HTTP proxies use the CONNECT method to forward traffic, while SOCKS proxies implement their own protocol. The SOCKS specification is defined in RFC 1928; HTTP proxy behaviour is documented in RFC 2068.
Detection Model
The detection workflow is straightforward: a user visits proxydetect.live with a modern browser. The site collects sandboxed JavaScript signals, while the server runs passive analysis on the incoming connection. The combined evidence determines whether the session is likely routed through a proxy or VPN.
Detection is challenging because browsers run in a restricted sandbox, and only limited client-side information is available without elevated permissions. ProxyDetect.live therefore leans heavily on network behaviour, correlation, and statistical baselines gathered from clean traffic.
Software & Protocols
VPN Software Examples
VPN protocols define how packets are encrypted, authenticated, and routed through the tunnel. While TCP is possible, most modern VPNs prefer UDP for performance reasons. Widely deployed VPN technologies include:
- IKEv2 – Popular on mobile devices thanks to seamless roaming between Wi-Fi and cellular networks.
- WireGuard® – A modern, lean VPN protocol focused on speed and simplicity while using state-of-the-art cryptography.
- OpenVPN – The most recognised VPN implementation, capable of operating over UDP or TCP with the OpenSSL library.
- PPTP – An obsolete protocol published as RFC 2637; numerous security issues make it unsuitable today.
- SSTP – Secure Socket Tunneling Protocol encapsulates PPP traffic inside TLS, providing built-in encryption and integrity checks.
Proxy Software Examples
Proxy infrastructures often rely on either HTTP or SOCKS. Popular open-source implementations include:
- Squid – A caching proxy that supports HTTP, HTTPS, FTP, and more, frequently used to accelerate web traffic.
- Dante – A full-featured SOCKS server and client that implements RFC 1928 and related standards.
- 3Proxy – A lightweight, cross-platform proxy suite supporting HTTP, HTTPS, SOCKS, POP3, SMTP, and more.

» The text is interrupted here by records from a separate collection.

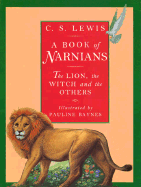 A Book of Narnians: The Lion, the Witch and the Others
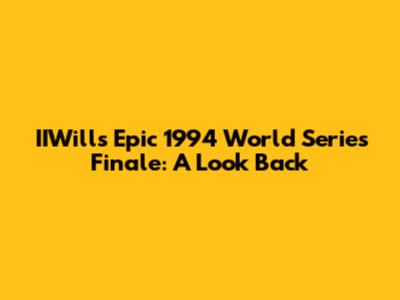 IIWill's Epic 1994 World Series Finale: A Look Back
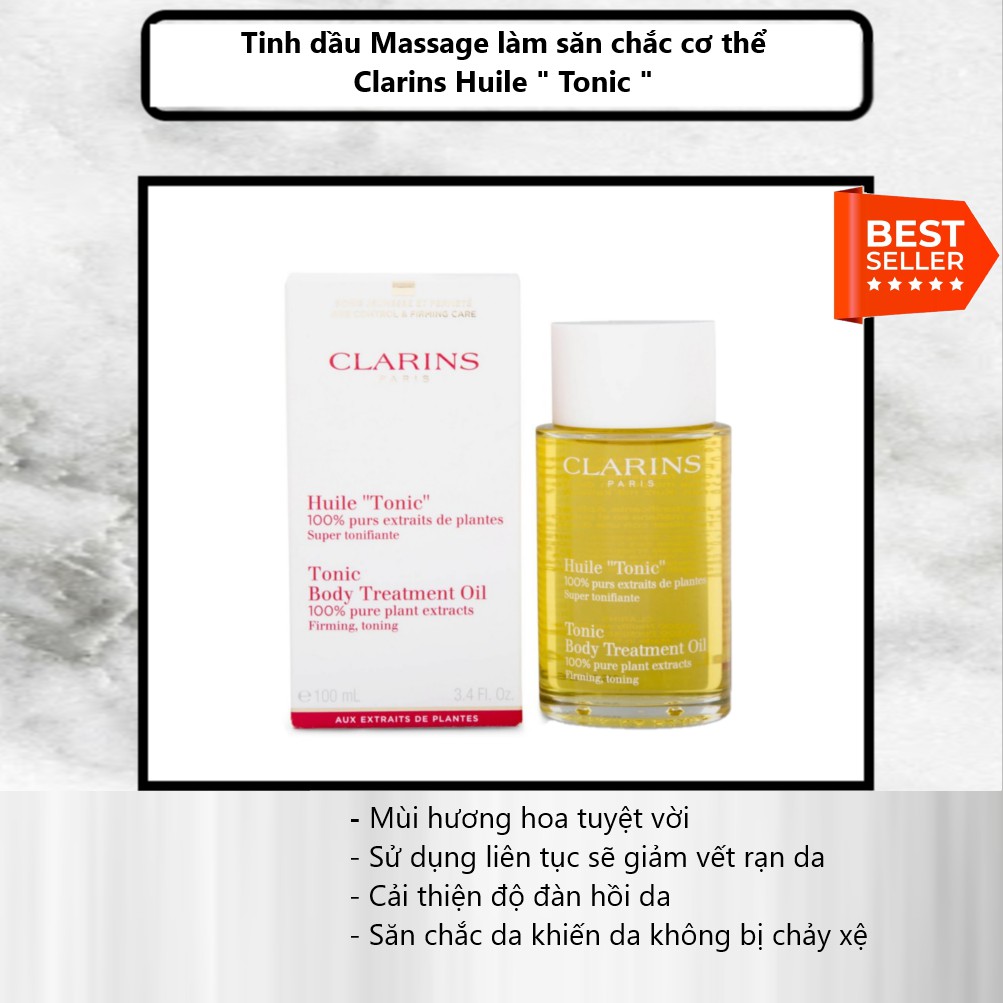 Tinh Dầu Massage Săn Chắc CLARINS HUILE "TONIC" BODY TONIC TREATMENT OIL 100ml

- GoProxy – A high-performance proxy written in Go that supports HTTP, HTTPS, SOCKS5, TCP, and UDP relays.
- simple-socks – A minimal SOCKS5 server for Node.js, useful for testing and experimentation.
Commercial Providers
VPN Providers
VPN services are plentiful because it is easy to rent cloud infrastructure and deploy a VPN endpoint. Some of the most recognisable names are:
- NordVPN – Offers secure, encrypted tunnels and additional features such as Meshnet and dedicated IPs.
- ExpressVPN – Provides reliable performance across 94 countries with proprietary Lightway protocol support.
Proxy Providers
Proxy providers specialise in residential, mobile, or datacentre IP pools. Well-known examples include:
- Bright Data – Offers extensive proxy networks, web scrapers, and prebuilt datasets.
- Oxylabs – Supplies datacentre, residential, and mobile proxies with scraper APIs.
- IPRoyal – Provides a large global proxy network with ethically sourced IP addresses.
- Smartproxy – Focuses on easy-to-use proxy access for sales intelligence and data gathering.
- Airproxy – Delivers dedicated mobile proxies with carrier-grade routing.
- Proxidize – Provides hardware and software to build custom mobile proxy networks.